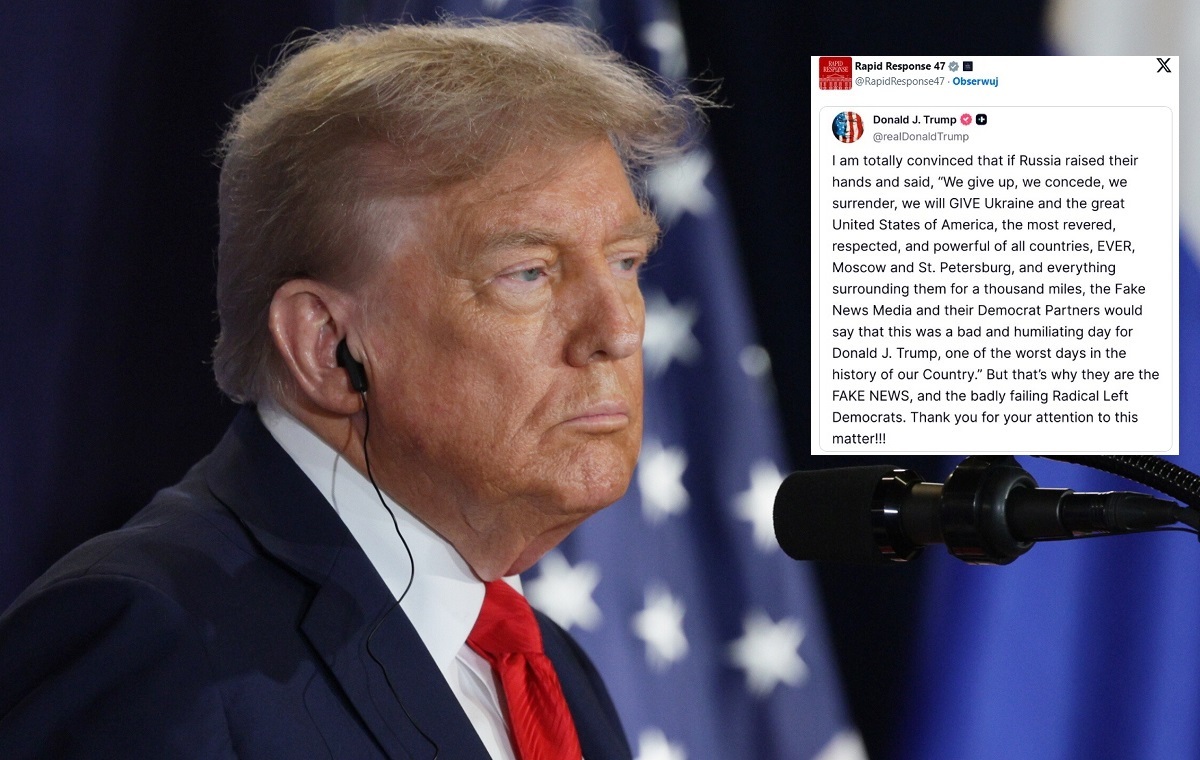 wiadomości,aktualności,wPolityce.pl Trump: Media krytykowałyby mnie nawet po kapitulacji Rosji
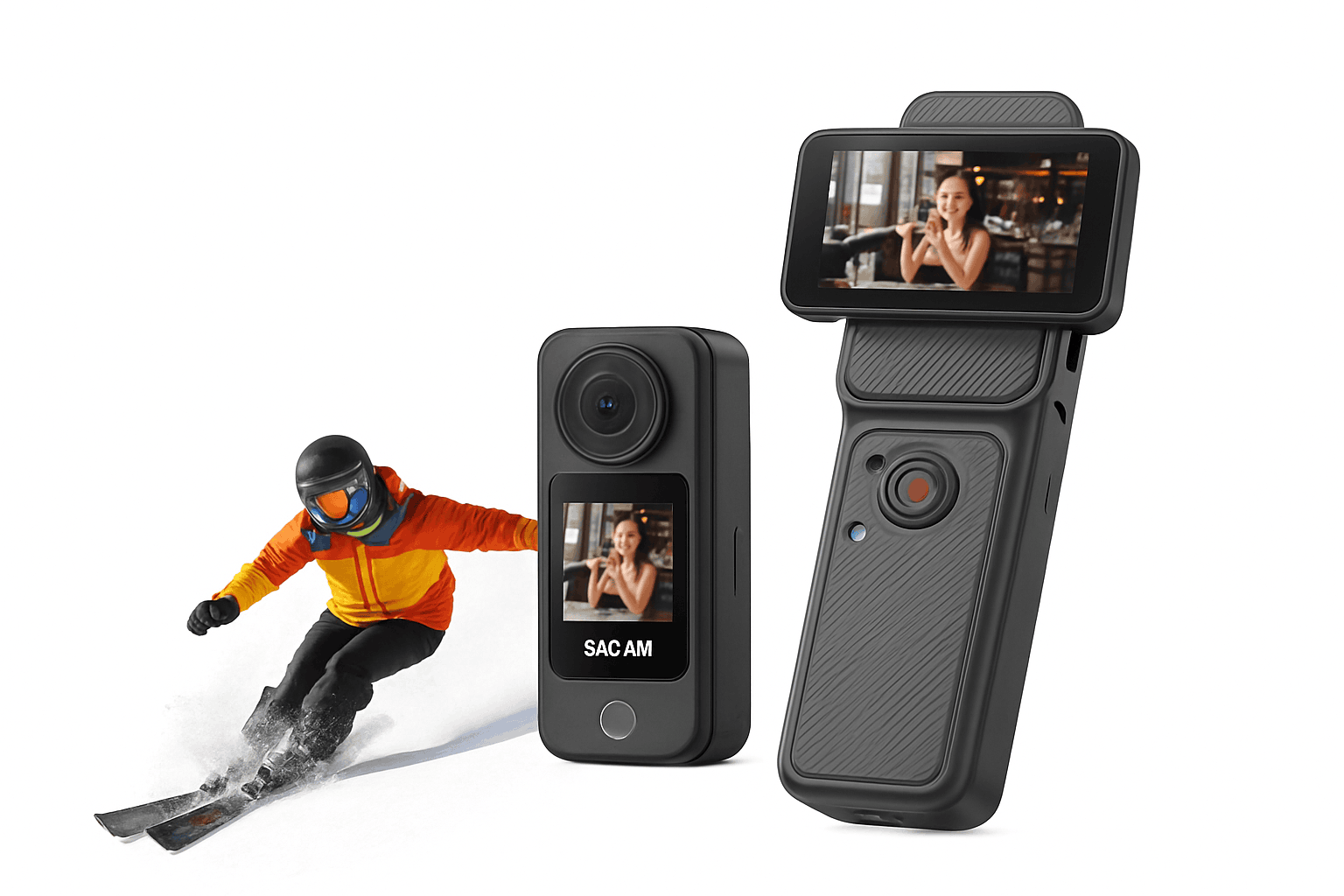 SJCAM C400 4K Pocket Camcorder for Vlogging and Travel-C400 / United States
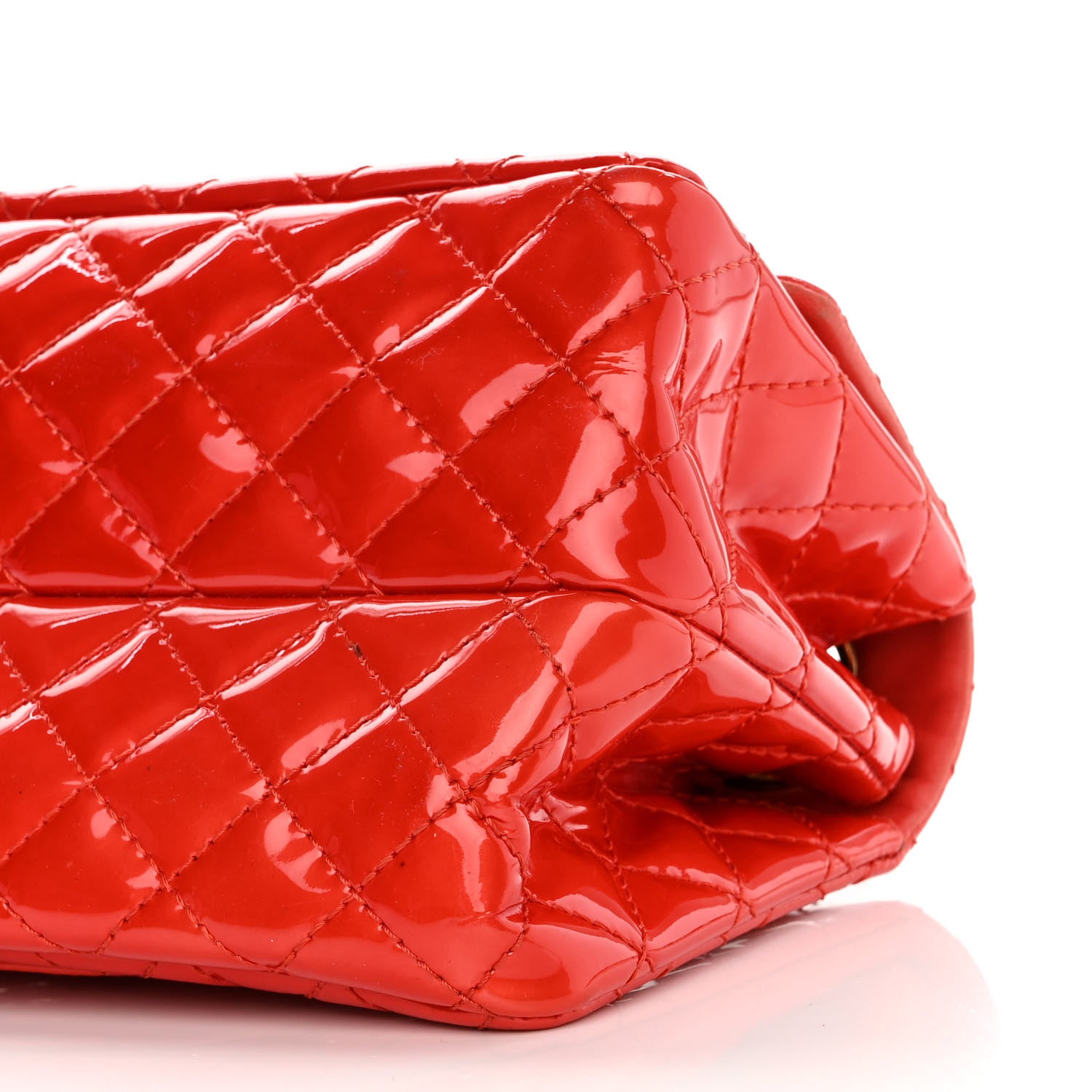 Chanel Patent Quilted Accordion Reissue 2.55 Flap Red 9 of 11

YOUR GOAL
With pictures excluded, copy exactly the lines from the line containing "SJCAM C400 4K" through the last line of the listing above, both ends included.

EXERCISE RESULT
 SJCAM C400 4K Pocket Camcorder for Vlogging and Travel-C400 / United States
 Chanel Patent Quilted Accordion Reissue 2.55 Flap Red 9 of 11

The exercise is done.